Tuesday, September 24, 2013

The Well and Chicken Soup

Healthwise, I've been feeling better this afternoon.  I ate an English muffin for lunch and chicken soup for dinner.  Some of Pam's homemade chicken soup!   Mmmmmmm...

I needed it.  I stayed up all night not feeling well.  I read a book recently published by a friend of mine, R. Allen Chappell.  It was a good read.  Ron (the R. part) grew up near a Navajo reservation.  Navajo Autumn is the first in a series of mysteries based on and around the Navajo.  I'm already half way through the second, Boy Made of Dawn.

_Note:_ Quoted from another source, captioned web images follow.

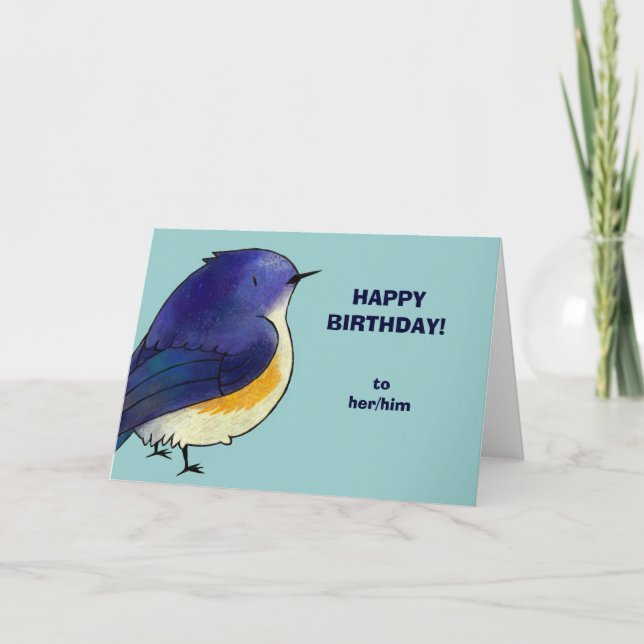 Blue Birdie Greeting Card(customizable) Card (Front)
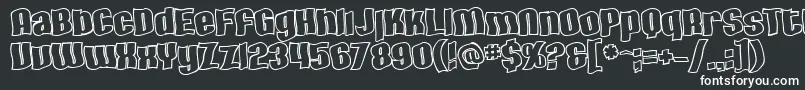 Шрифт SfHallucinationOutline – белые шрифты на чёрном фоне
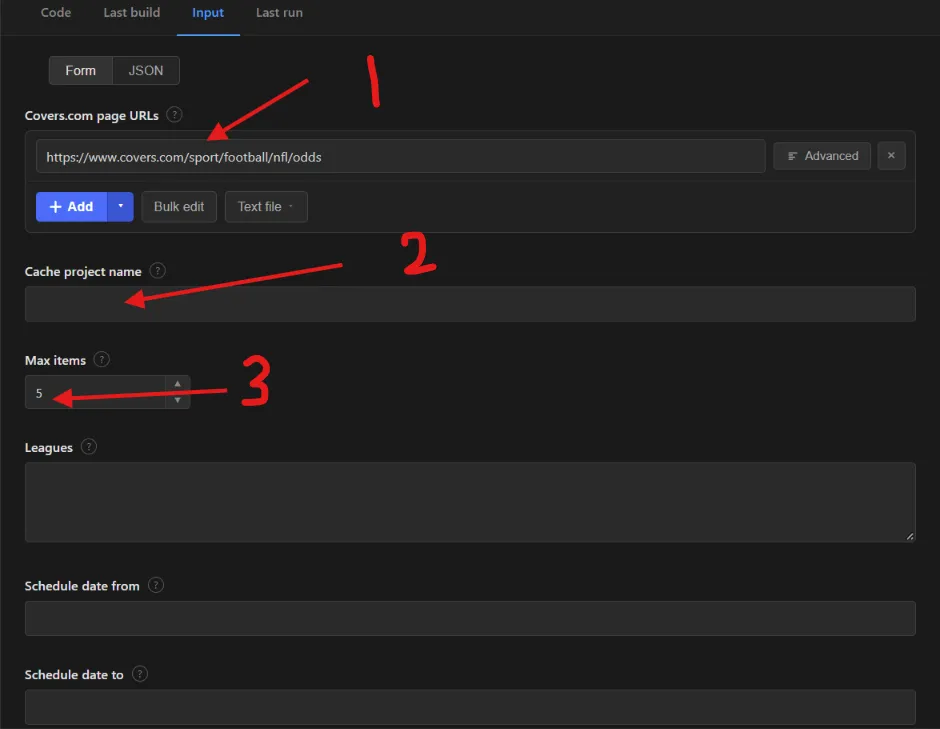 Covers.com odds scraper input form with the page URLs, cache project name and max items fields marked 1, 2 and 3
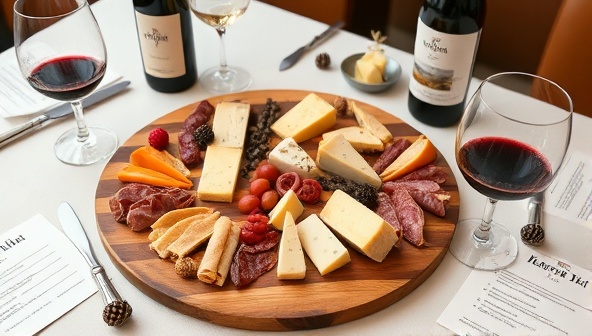 An elegant setup with a wooden charcuterie board adorned with assorted cheeses, charcuterie, and wine glasses, accompanied by tasting notes and decorative accents, exuding sophistication and indulgence for a virtual tasting event.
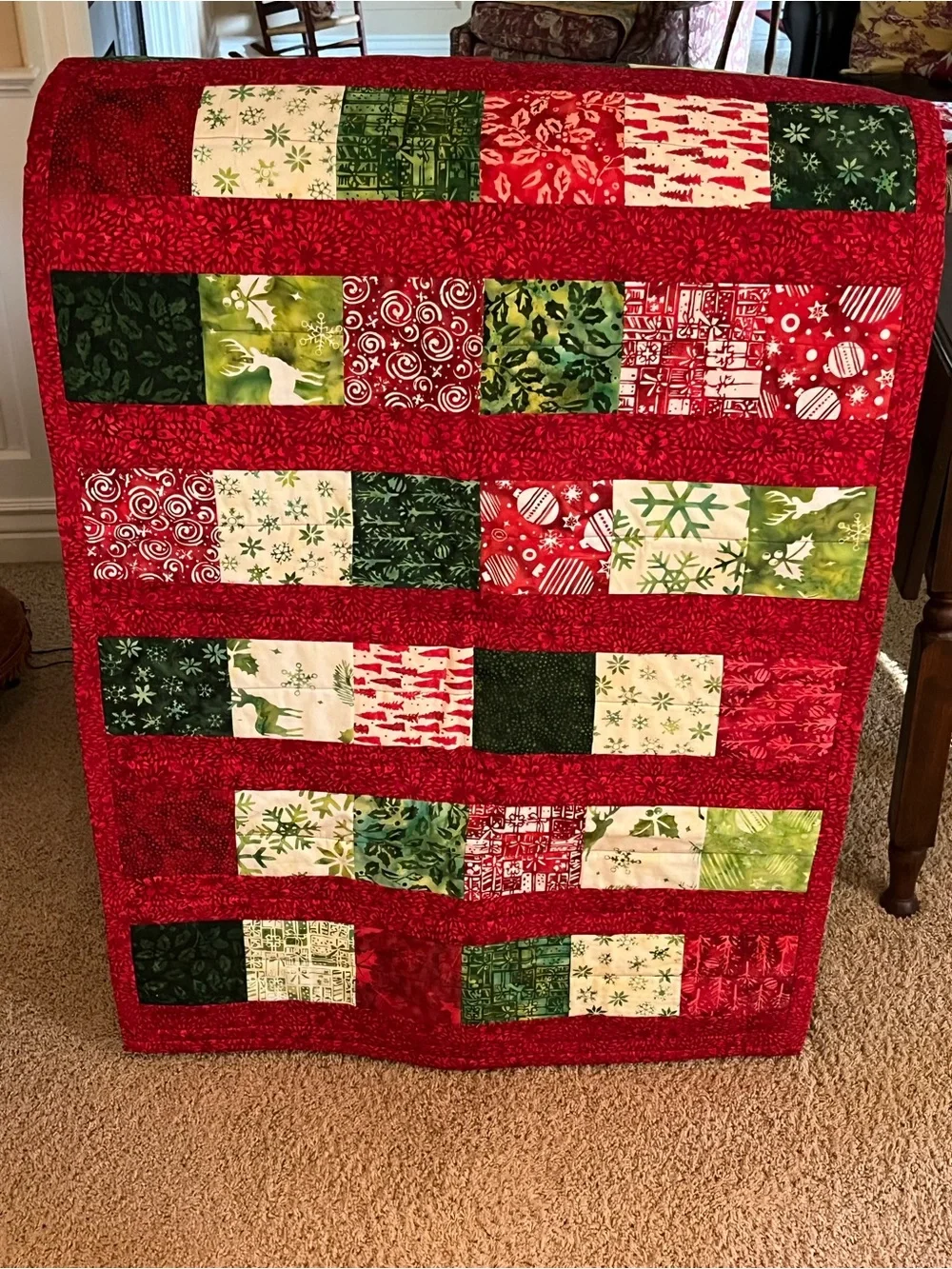 Handmade Festive Patchwork Holiday Throw in Red and Green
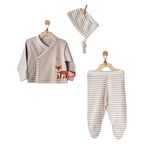Andywawa AC23013 Organic Newborn Baby 3Lü Prematüre Zıbın Takımı Beige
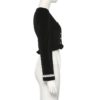 Long Sleeve Lace Velvet Casual Ruffle Button Short Shirt - Image 8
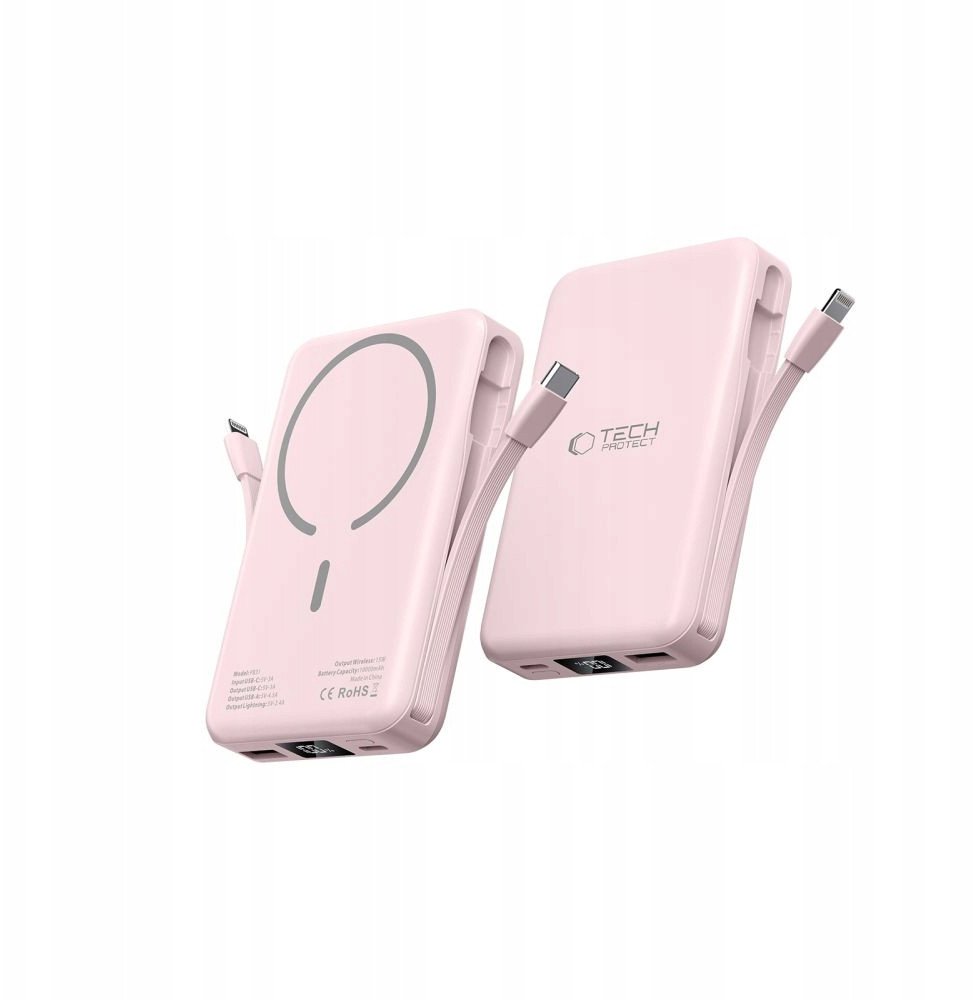 Power bank Tech-Protect PB31 LifeMag, 10000mAh, MagSafe, rozë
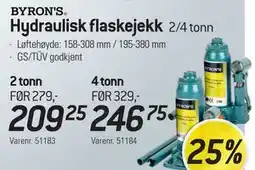 Thansen BYRON'S Hydraulisk flaskejekk 2/4 tonn tilbud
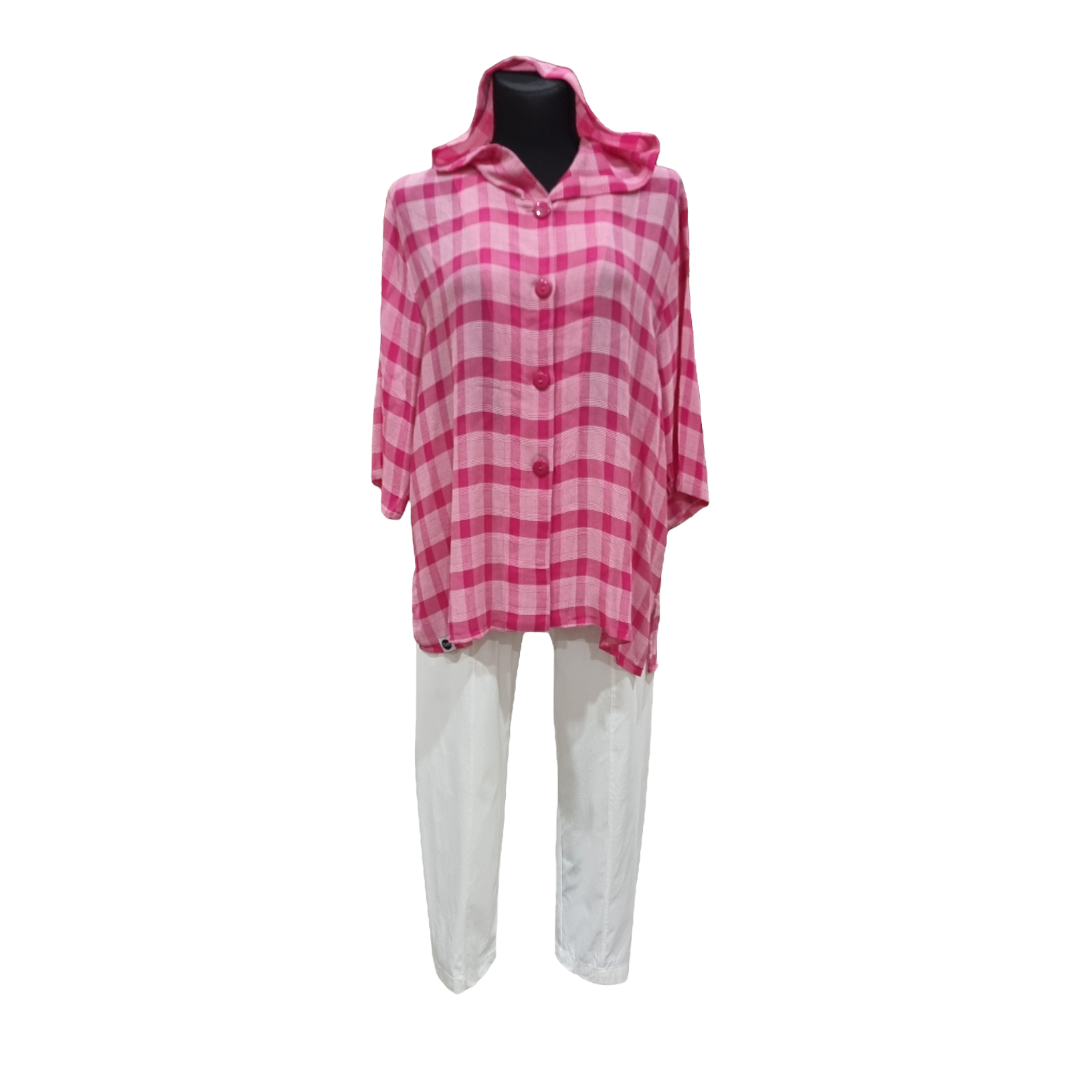 Bluse/ Jacke mit Kapuze in Blau und Pink  in Karomuster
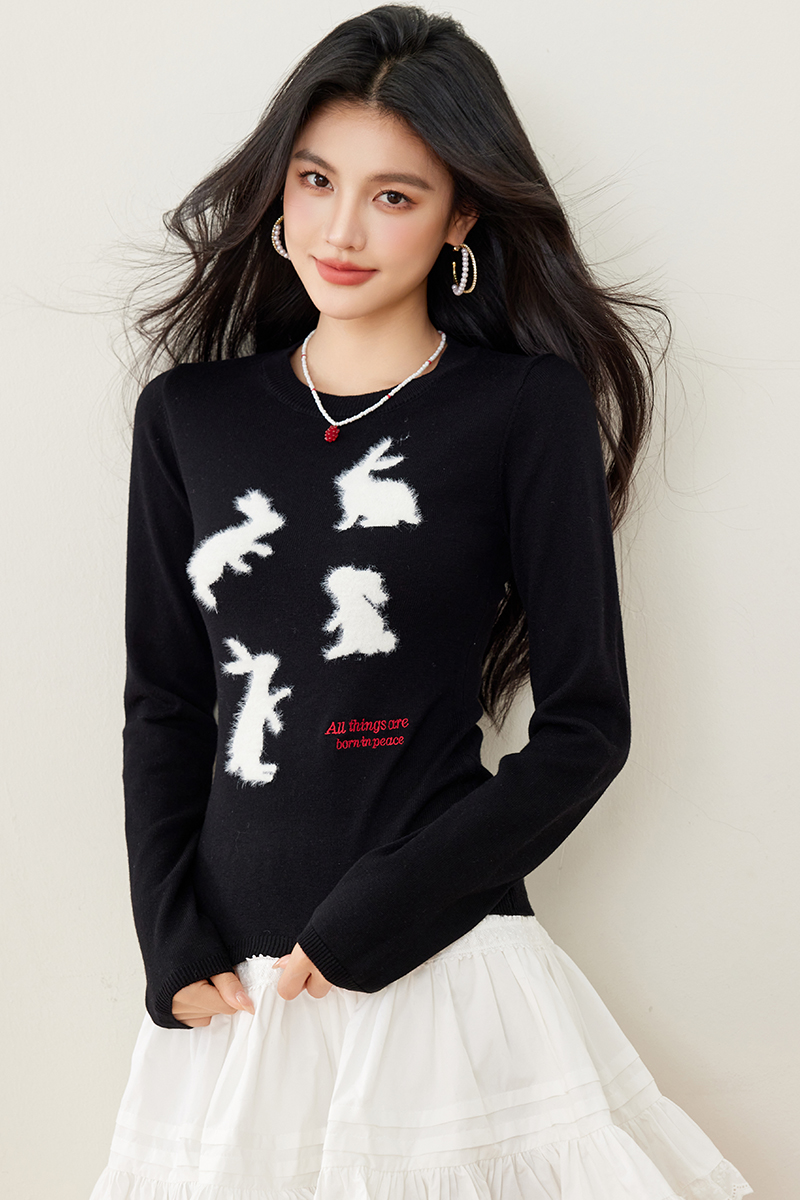 Rabbit slim sweater long sleeve bottoming shirt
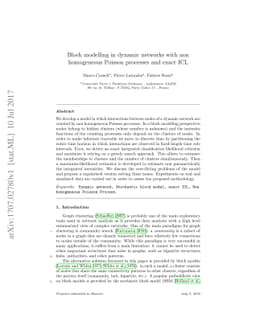 Block modelling in dynamic networks with non-homogeneous Poisson
  processes and exact ICL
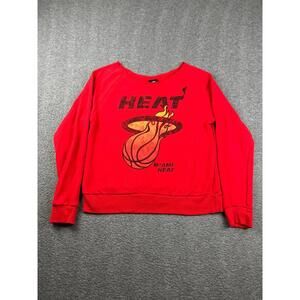 NBA Women's Sweater Size‎ Large Miami Heat Red Sweatshirt Crewneck Cozy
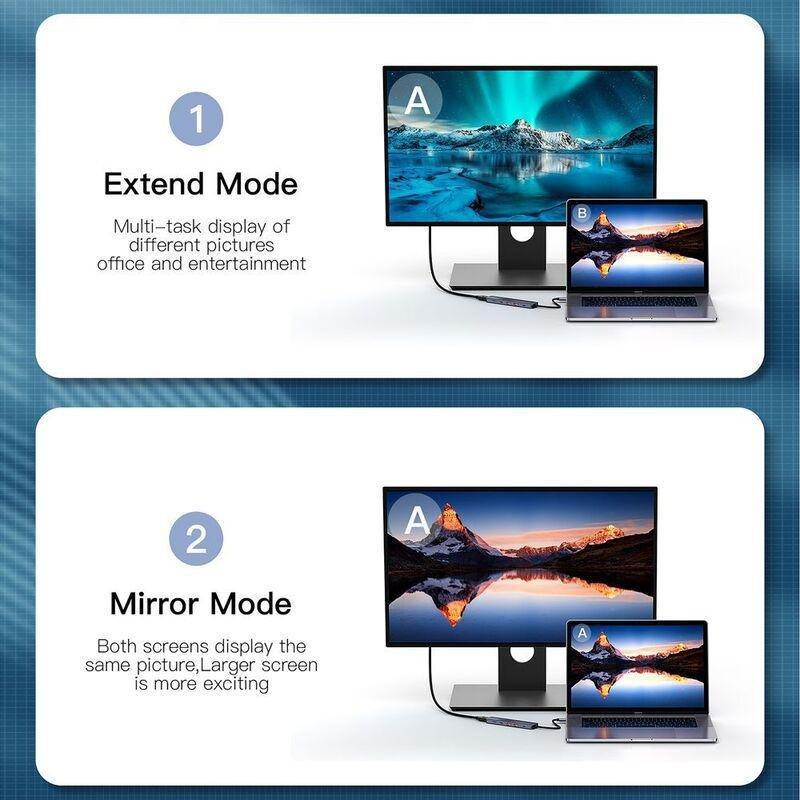 Powerology 6-in-1 Slim 4K HDMI USB-C Hub 10Gbps Data Transfer & 100W PD, , large image number 2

But staying up all night and only snatching cat naps during the day is too much for this old guy.  I need to hit the hay early tonight.

Sonny from Adirondack Drilling called last night to let us know he was coming to drill the well this morning.

"We can't meet you there, Sonny.  Do you remember where the well goes?"

"Yeah, I think so," he said.  By the end of the driveway, right?"

Yep.  That's it.

I got a call at 8 AM this morning.  It was Sonny.

"Did you get my message last night?" he asked.

"No.  What message."

"I wanted to know if you'd go put a stake where the well goes."

"We can't.  Pam went to work and I can't drive.  I broke my neck and..."

"YOU DID WHAT?  How did that happen?  Are you going to be OK."

I gave him the short version of the accident.

"Eh, I think I'll find it."

Pam called at 11 AM.  "Do you need anything?"

"Yes.  Go right to the property and see where they're drilling the well.  They wanted us to stake it for them."

Well, Pam went over and when she returned she told me that the well is off about ten feet from where we wanted it, but it's OK.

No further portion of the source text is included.